Lord Hermer, the Attorney General, declared that he regretted a ‘clumsy’ comparison of advocates of withdrawing from the European Convention on Human Rights to members of the Nazi party. Nigel Farage, the Reform UK leader, visited Scotland for the first time in six years. The electors of Hamilton, Larkhall and Stonehouse voted for a new Member of the Scottish parliament. On one day 1,195 migrants arrived in England in small boats. John Healey, the Defence Secretary, pointed to the French police policy of not intervening with migrants in the water: ‘We saw the smugglers launching elsewhere and coming around like a taxi to pick them up.’
Robert Jenrick, the shadow justice secretary, released a video of himself challenging fare-dodgers on the London Underground to pay up. Paul Doyle, 53, a former Royal Marine and father of three, who was arrested after a car ploughed into crowds in Liverpool, faced trial on seven charges, including grievous bodily harm with intent and dangerous driving. A fourth man was arrested in connection with arson linked to Sir Keir Starmer’s properties in north London.
Abroad
Benjamin Netanyahu, the Prime Minister of Israel, said its military had killed Mohammed Sinwar, Hamas’s Gaza chief. Gaza’s Hamas-run health ministry said 31 people were killed by Israeli forces at a Rafah aid distribution centre run by the Israeli-backed Gaza Humanitarian Foundation, which called the reports ‘false and fabricated’. More disputed deaths followed. Eight people were wounded after a man threw petrol bombs at a gathering in support of the Israeli hostages, in Boulder, Colorado; Mohamed Sabry Soliman, 45, an Egyptian whose visa had expired, was arrested. Ukraine struck Russian aircraft in a drone attack on bases as far away as the Arctic and Irkutsk. Ukraine said 117 drones smuggled into Russia had hit 40 warplanes, accounting for a third of Russia’s strategic cruise missile carriers. The Kerch bridge to Crimea was closed for a time after explosions that Ukraine claimed. Russia attacked Ukraine with 472 drones and seven missiles in one day. In Poland, the socially conservative Karol Nawrocki, backed by the right-wing Law and Justice party, narrowly won the presidential election.

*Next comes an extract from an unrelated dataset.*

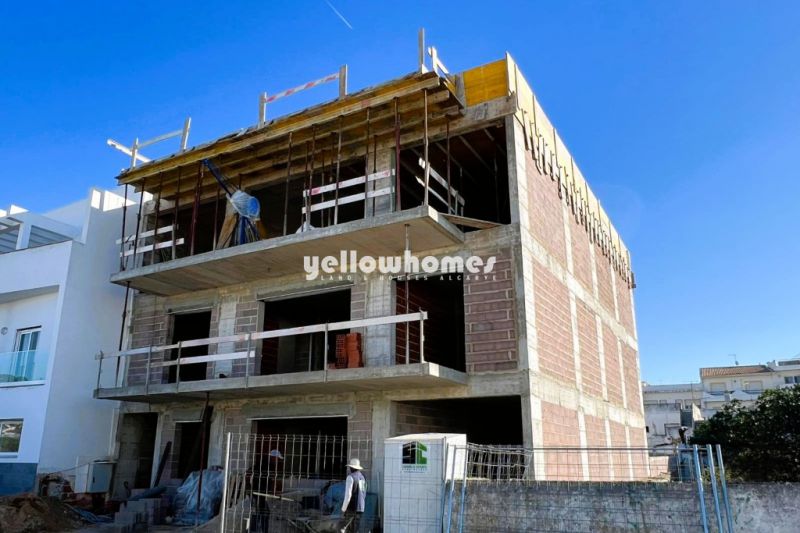 Excelente Oportunidade! Apartamento T2 novo no centro de Quarteira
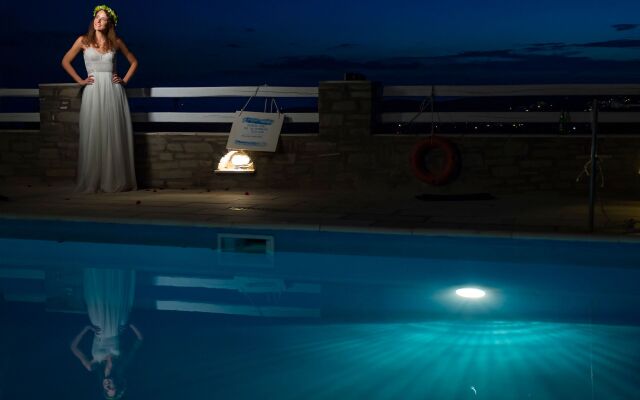 Pyrgaki Hotel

The US Court of International Trade ruled an emergency law invoked by President Donald Trump did not give him authority to impose tariffs on imports; the power rested with Congress. But the tariffs could remain while the President appealed. The next day he announced a rise from 25 to 50 per cent for tariffs on steel and aluminium. Britain’s tariffs remained at 25 per cent. He also said a public farewell in the Oval Office to Elon Musk after his 130 days as a ‘special government employee’. A lorry overturned in Washington state and set free 14 million bees.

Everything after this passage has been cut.